## STUDY MATERIAL
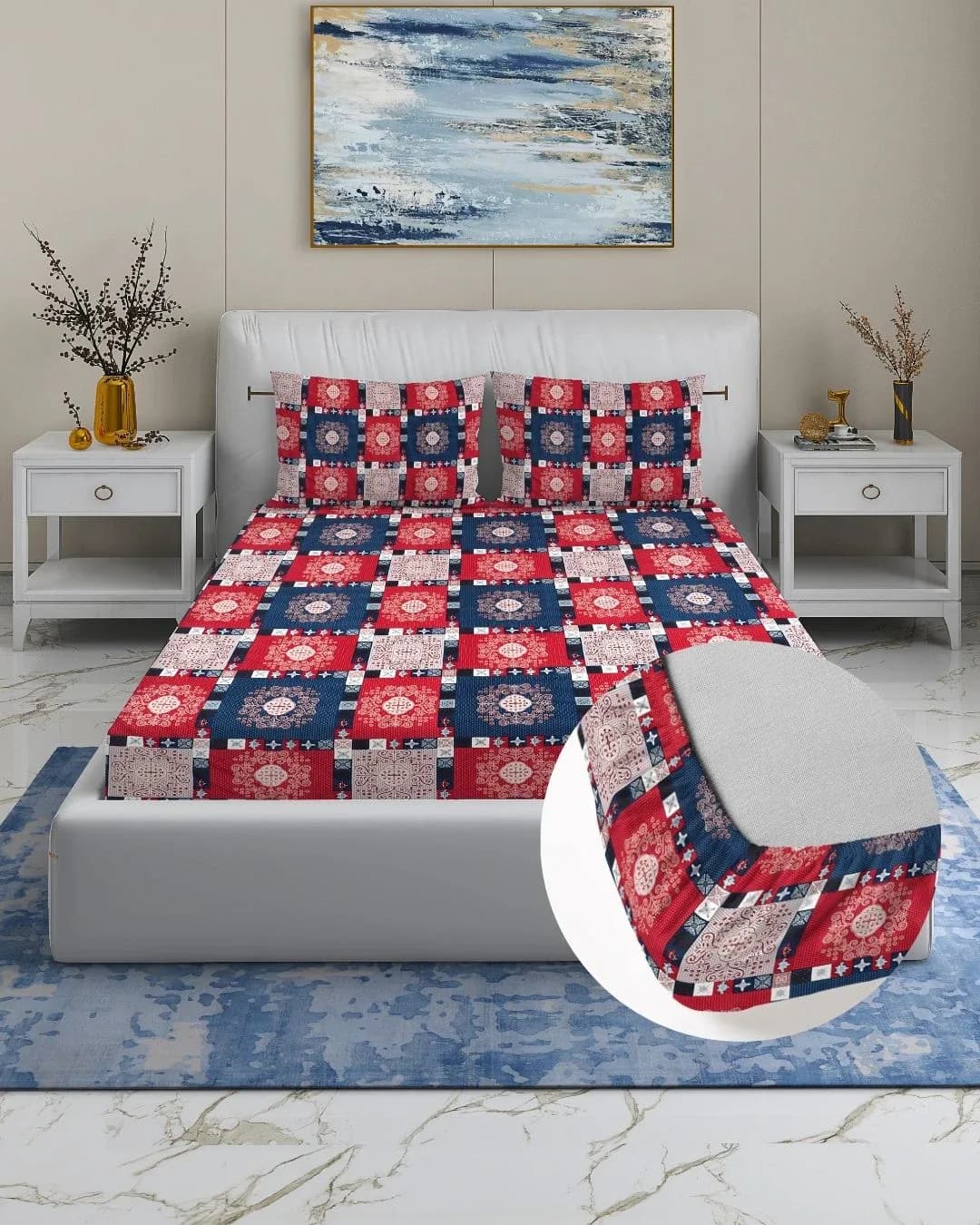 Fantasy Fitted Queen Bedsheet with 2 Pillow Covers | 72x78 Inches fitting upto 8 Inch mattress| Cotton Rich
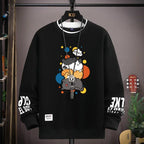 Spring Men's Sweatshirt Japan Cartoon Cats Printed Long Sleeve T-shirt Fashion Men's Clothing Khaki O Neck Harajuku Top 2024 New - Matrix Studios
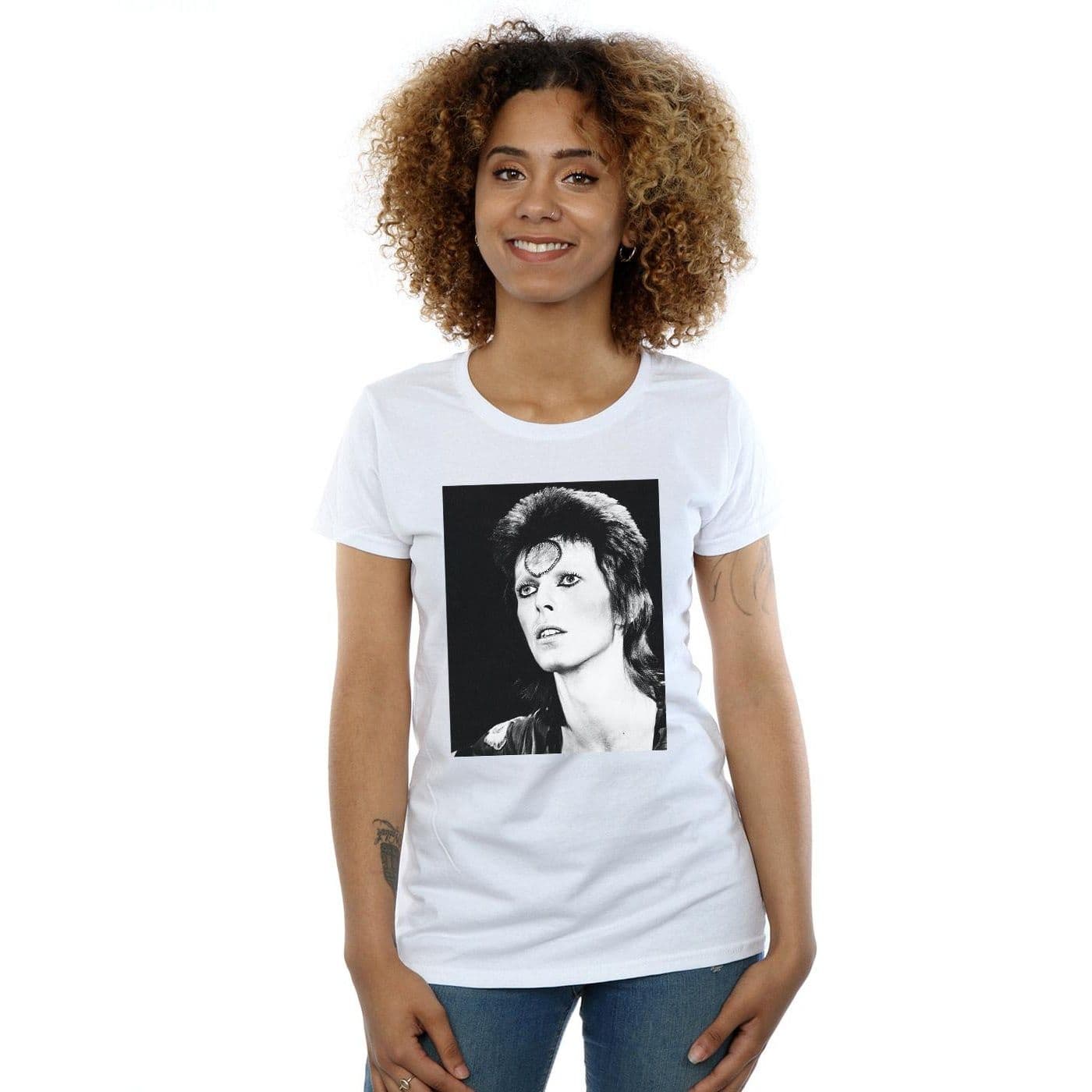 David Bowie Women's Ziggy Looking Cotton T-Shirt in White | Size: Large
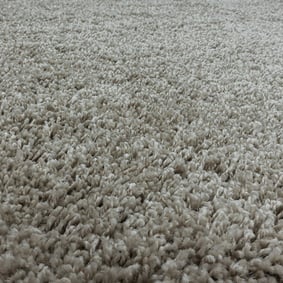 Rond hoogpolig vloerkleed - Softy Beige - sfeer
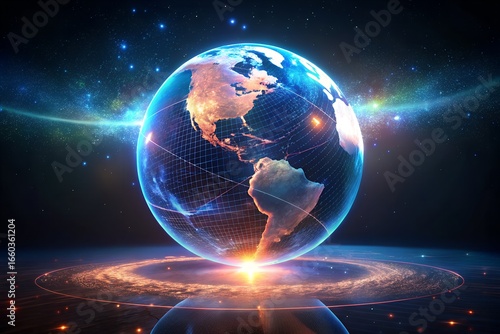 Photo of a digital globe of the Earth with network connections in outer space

## HOW TO COMPLETE THIS TASK
Please write out the material from the line containing "Rond hoogpolig vloerkleed" to its final line, both inclusive, exactly as it appears; pictures are not part of the copy.

## REPLY
 Rond hoogpolig vloerkleed - Softy Beige - sfeer
 Photo of a digital globe of the Earth with network connections in outer space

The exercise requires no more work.